Facile commentare che si tratta (ancora una volta, l’ennesima) di norme razziste. Scontato ricordare (a chi – arrivati a questo punto – si dubita ne sia a conoscenza) che a tenere alta la dignità e il senso di democrazia in questo Paese è un testo fondamentale, la nostra Carta Costituzionale, che nell’articolo 3 stabilisce un diritto di tutti ad avere «pari dignità sociale», a essere «eguali davanti alla legge, senza distinzione di sesso, di razza, di lingua, di religione, di opinioni politiche, di condizioni personali e sociali» (… di residenza!). E che è compito di questa quanto mai bistrattata Repubblica e di coloro che (ahinoi) ci governano «rimuovere gli ostacoli di ordine economico e sociale, che, limitando di fatto la libertà e l’eguaglianza dei cittadini, impediscono il pieno sviluppo della persona umana».

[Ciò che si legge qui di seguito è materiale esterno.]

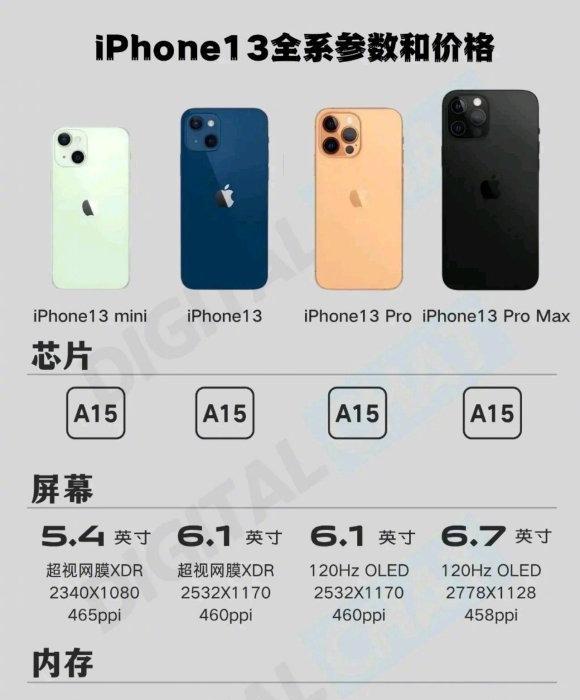 苹果11和苹果13哪个更值得买？详细参数配置对比解析！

Alla luce di queste norme che sanciscono un’identità doc, ci viene da chiederci se esiste per i bambini non veneti un «impedimento al pieno sviluppo della personalità umana» maggiore della possibilità di crescere e formarsi tra coetanei, di poter mangiare accanto a pari, di avere un alloggio decoroso dove vivere. Cleophas Adrien Dioma, direttore artistico del Festival Ottobre Africano, all’indomani della strage di Oslo scriveva: «Chi è il nemico? L’altro? Sempre? Forse il nemico siamo noi. Noi, quelli che rifiutiamo di indignarci di fronte ad un mondo che va alla deriva. Noi che non cerchiamo di capire che il male che portiamo in quei paesi lontani poi ci ritorna in faccia. Come sputare in aria… Dobbiamo indignarci della nostra non indignazione. Del nostro silenzio. Della nostra non partecipazione. Dobbiamo fare autocritica. Noi che siamo dall’altra parte della sponda e crediamo di essere salvati. Il nemico è qualche volta in noi. E quello che vediamo a volte nello specchio e che rifiutiamo di guardare. Poi forse non basta neanche più indignarsi…».